The three main choices include electronic, such as on a PDA or smart phone, or computer, on paper, or a hybrid method where you save some information one way, and some the other.
My personal preference is the hybrid method. As long as you’ve got a system in place to back up your electronic information it is much easier to maintain and keep the majority of your contact information organized electronically, since we have to change and update it frequently as people move, change email addresses, etc.
You can often also easily transfer electronically stored contact information from one device to another, making it much simpler than manually entering everything over and over again. Further, if you want to send out mass mailings, such as Christmas orĀ holiday cards you can print labels easily with the electronic method.
However, I do think having some contact information on paper, including a simple address book of paper, can be important. For instance, have you ever relied upon your phone to know the number for someone, and then the battery died and you had no way to access it? Has your computer crashed, or the electricity gone out, and you needed to contact someone in an emergency?
Your contact information is there to make your life easier, and it can’t do that if something goes wrong with your electronic storage system. That’s why I like having some vital and important contact information stored in both ways. I like to call it the belt and suspenders approach.
Step 2: Create A Simple Address Book With Basic Contact Information
The next step in the Challenge is to create your system for collecting and organizing the contact information you receive on a constant basis as you live your life.
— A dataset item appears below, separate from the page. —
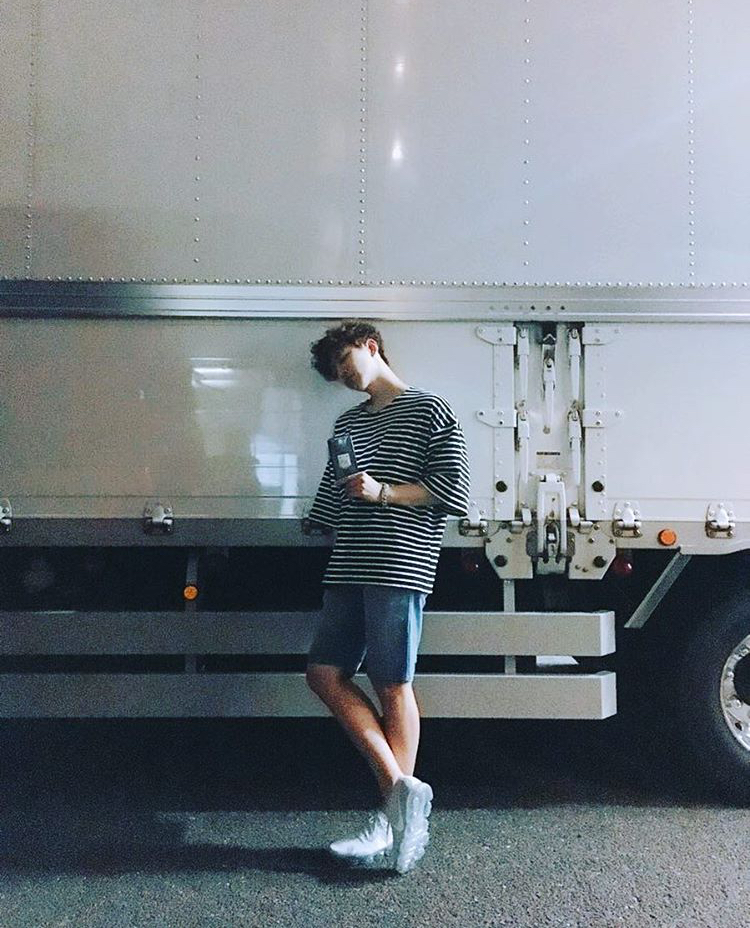 우리집 준호군의... 남친짤... 반응 넘 좋자나..? (아나바다) | 인스티즈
Like I said, this main system can be either electronic or paper based, and which you choose is completely up to you.
If you’re looking for lots of different printables, including ones you can type into, you may also want to check out the contact information eplanners from List Plan It, since they’ve got lots of printables that can help you organize this area of your home and life.
The important thing to do this week is set the system you choose up. That could be setting up the computer program, or making your simple address book. If you’ve got some numbers and other contact information ready to input, go ahead and do that too.
Please know, however, that adding, subtracting, and amending information in this system will be an ongoing task from now on. The key is to have your contact information system handy at most times to be able to add the information as you receive it. Don’t think, I’ll add this later. If it will take two or less minutes, stop and do it right then. (That’s a tip from the book, Getting Things Done, by David Allen that I’ve really found helpful in many areas of my life.)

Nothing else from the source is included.